Print each record exactly as it appears, but drop the images.

- - - - -

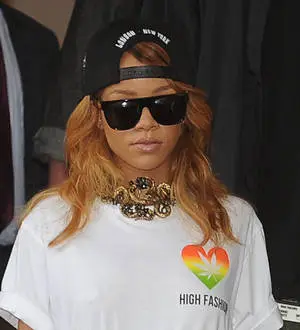 Anti-drugs group takes aim at Rihanna over joint pictures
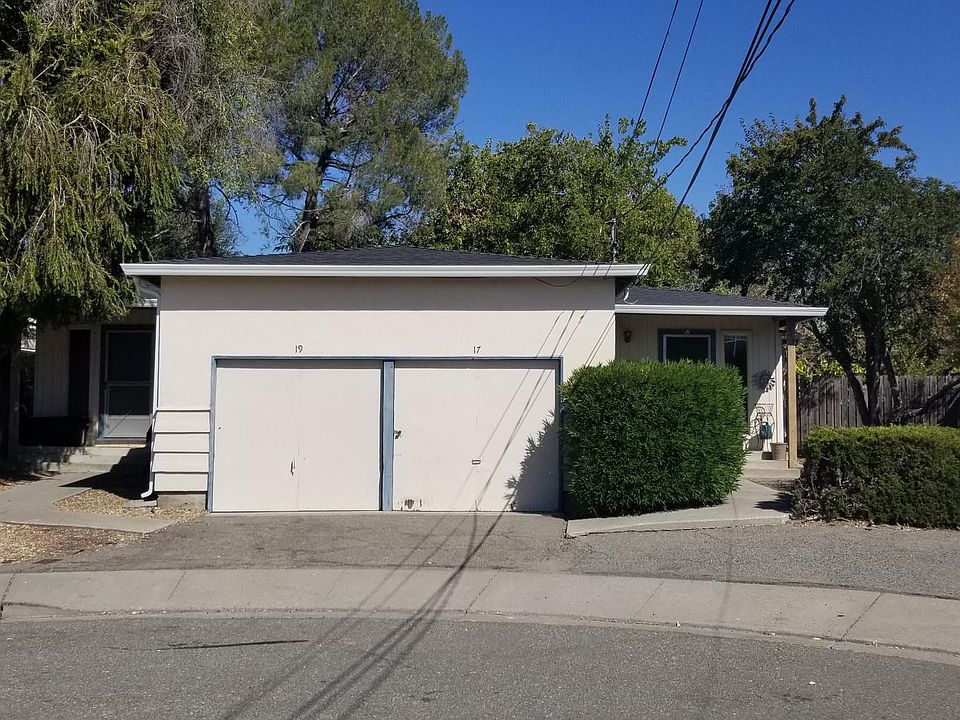 Duplex w/ garage & laundry hookups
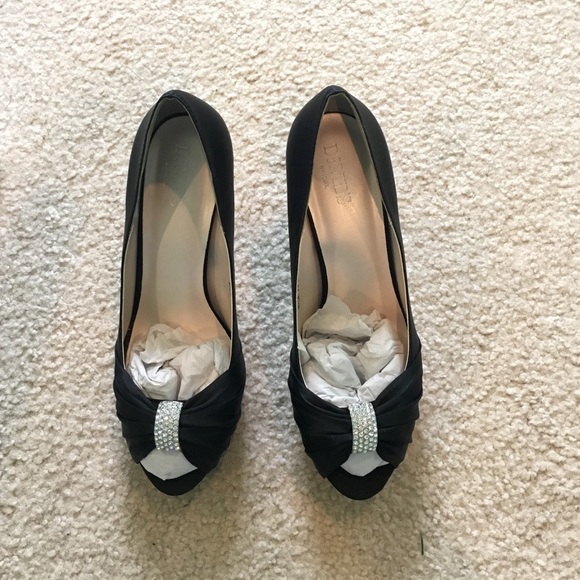 BRAND NEW BLACK SATIN HIGH HEELS SZ 9.5 PROM PERF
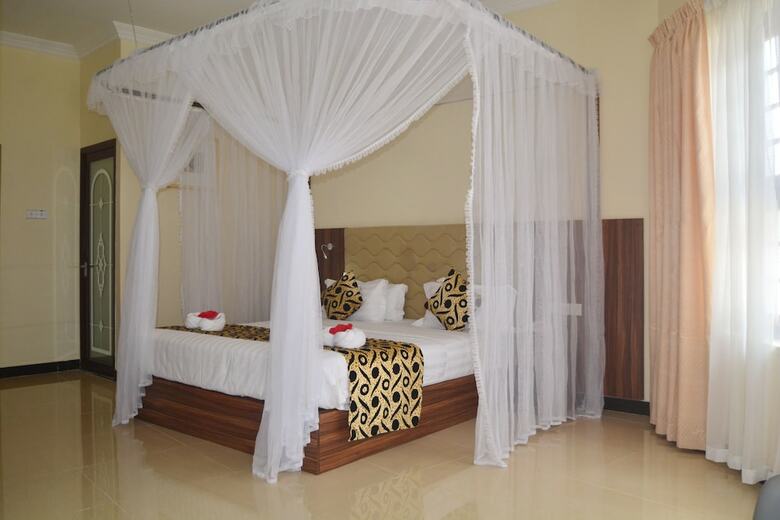 Spice Palace Hotel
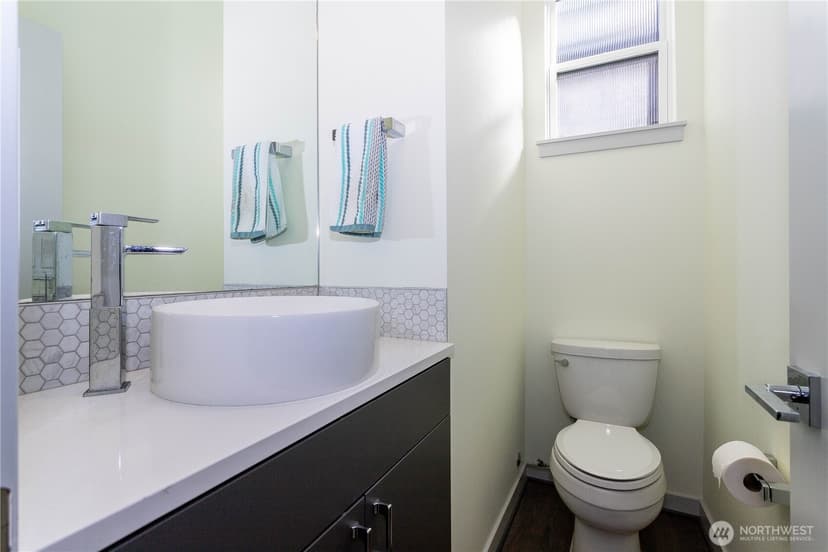 Property photo for 2112 3rd Avenue N #C, Seattle photo 16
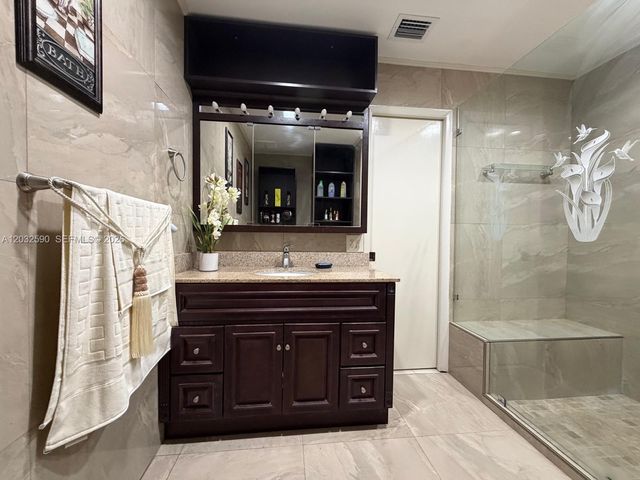 18801 Oakland Hills Dr, Hialeah, FL 33015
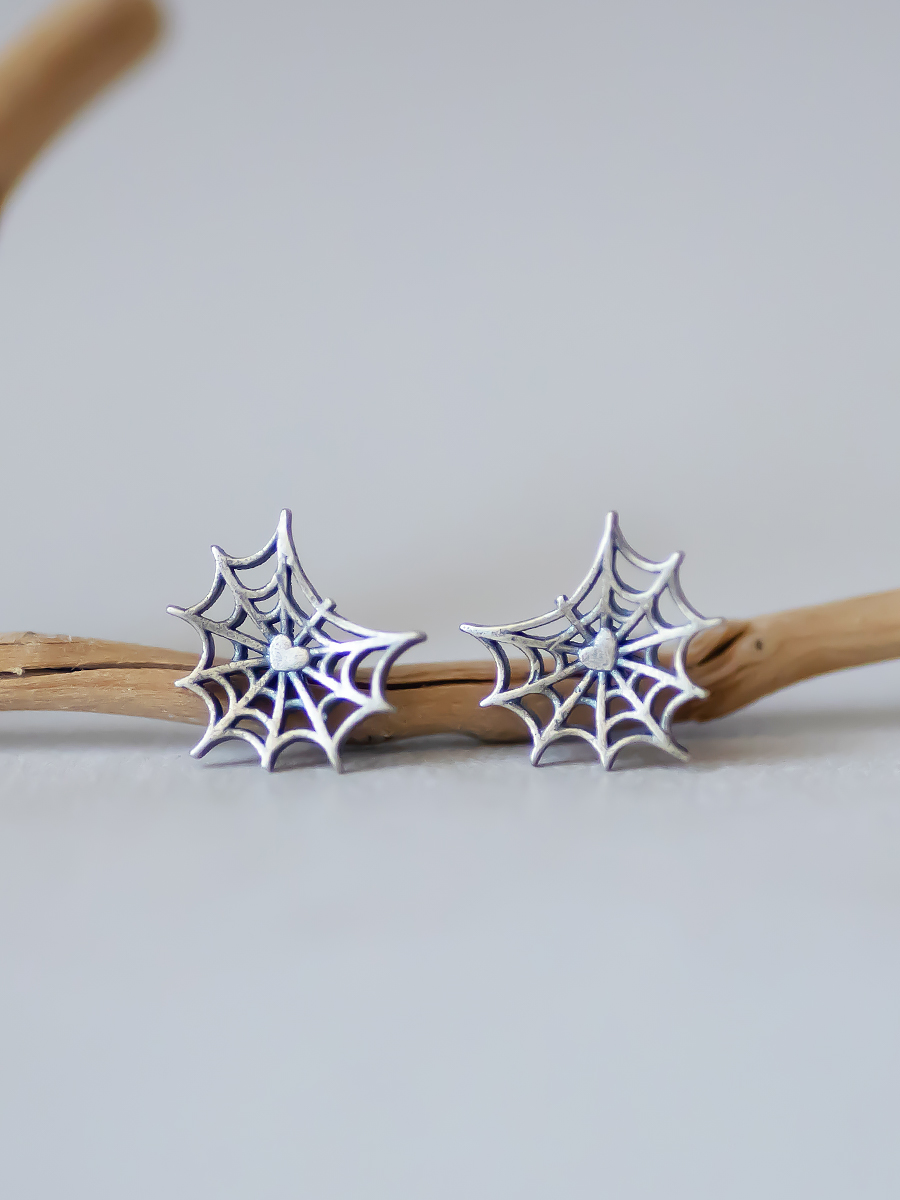Vintage 925 Silver Spider Web Heart Hollow Stud Earrings - Unique Antique Design for Fashion Lovers Vintage 925 Silver Spider Web Heart Hollow Stud Earrings - Unique Antique Design for Fashion Lovers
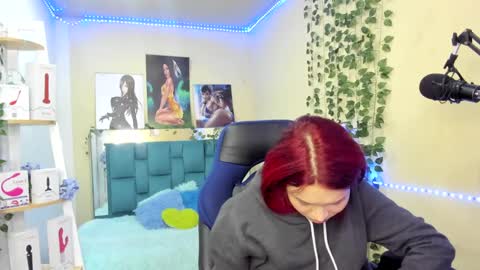 naomy online show from February 2025 09:58:02 PM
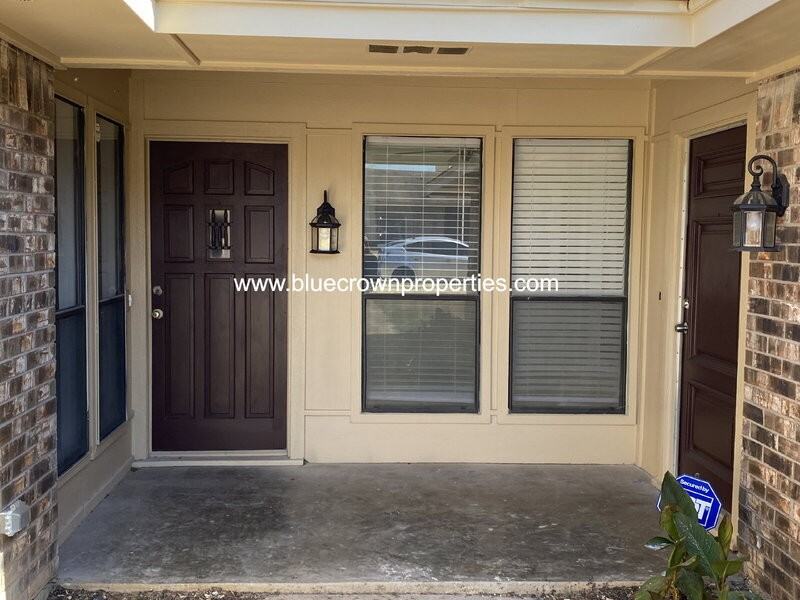 139 Wildwood Dr - Photo 3 of 13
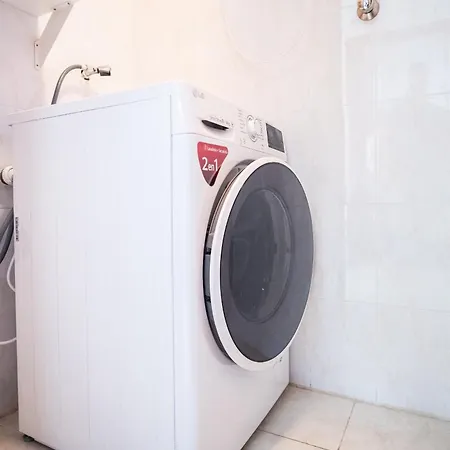 Modern 1 Bed Apartment, Minutes From The * Эль-Медано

- - - - -

**RESULT FOR THIS EXERCISE**
 Anti-drugs group takes aim at Rihanna over joint pictures
 Duplex w/ garage & laundry hookups
 BRAND NEW BLACK SATIN HIGH HEELS SZ 9.5 PROM PERF
 Spice Palace Hotel
 Property photo for 2112 3rd Avenue N #C, Seattle photo 16
 18801 Oakland Hills Dr, Hialeah, FL 33015
Vintage 925 Silver Spider Web Heart Hollow Stud Earrings - Unique Antique Design for Fashion Lovers Vintage 925 Silver Spider Web Heart Hollow Stud Earrings - Unique Antique Design for Fashion Lovers
 naomy online show from February 2025 09:58:02 PM
 139 Wildwood Dr - Photo 3 of 13
 Modern 1 Bed Apartment, Minutes From The * Эль-Медано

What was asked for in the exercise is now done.